Fidelity deviation in quantum teleportation

TL;DR

This paper investigates the performance of quantum teleportation by analyzing average fidelity and fidelity deviation, providing conditions for optimization under noisy channels and exploring the relationship between entanglement and teleportation quality.

Contribution

It introduces a framework to evaluate and optimize both average fidelity and fidelity deviation in noisy quantum channels, linking entanglement and Bell inequality violation.

Findings

Identifies conditions to optimize fidelity measures under Werner channel noise.

Defines a performance space connecting fidelity measures and channel noise.

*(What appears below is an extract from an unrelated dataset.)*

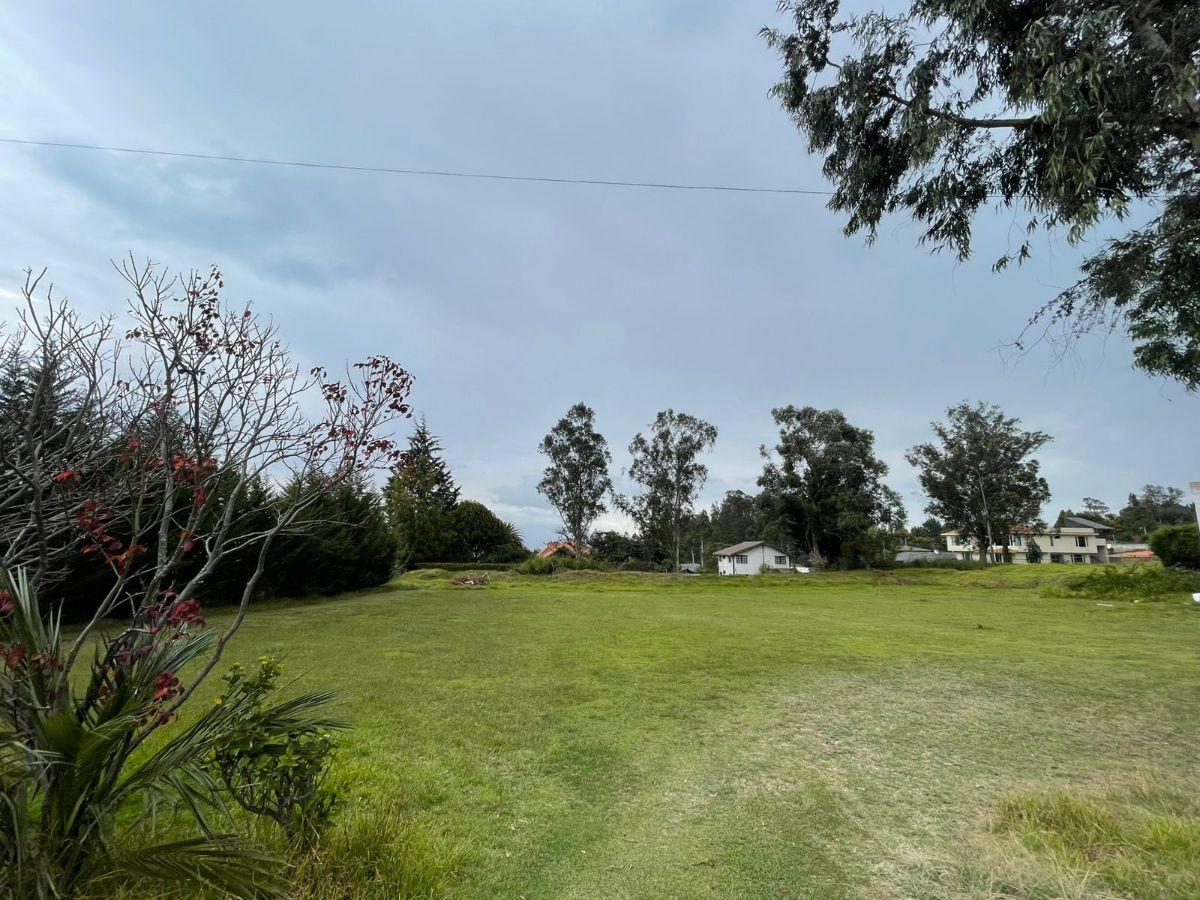 Terreno de 1881 m² en Venta en Puembo con Áreas Verdes — imagen 8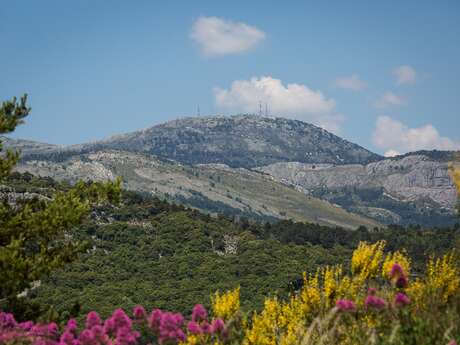 Mont Lachens, le toit du Var - Espace Naturel Sensible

Establishes a relationship between entanglement contribution and teleportation performance.

Abstract

We analyze the performance of quantum teleportation in terms of average fidelity and fidelity deviation. The average fidelity is defined as the average value of the fidelities over all possible input states and the fidelity deviation is their standard deviation, which is referred to as a concept of fluctuation or universality. In the analysis, we find the condition to optimize both measures under a noisy quantum channel---we here consider the so-called Werner channel. To characterize our results, we introduce a two-dimensional space defined by the aforementioned measures, in which the performance of the teleportation is represented as a point with the channel noise parameter. Through further analysis, we specify some regions drawn for different channel conditions, establishing the connection to the dissimilar contributions of the entanglement to the teleportation and the Bell inequality violation.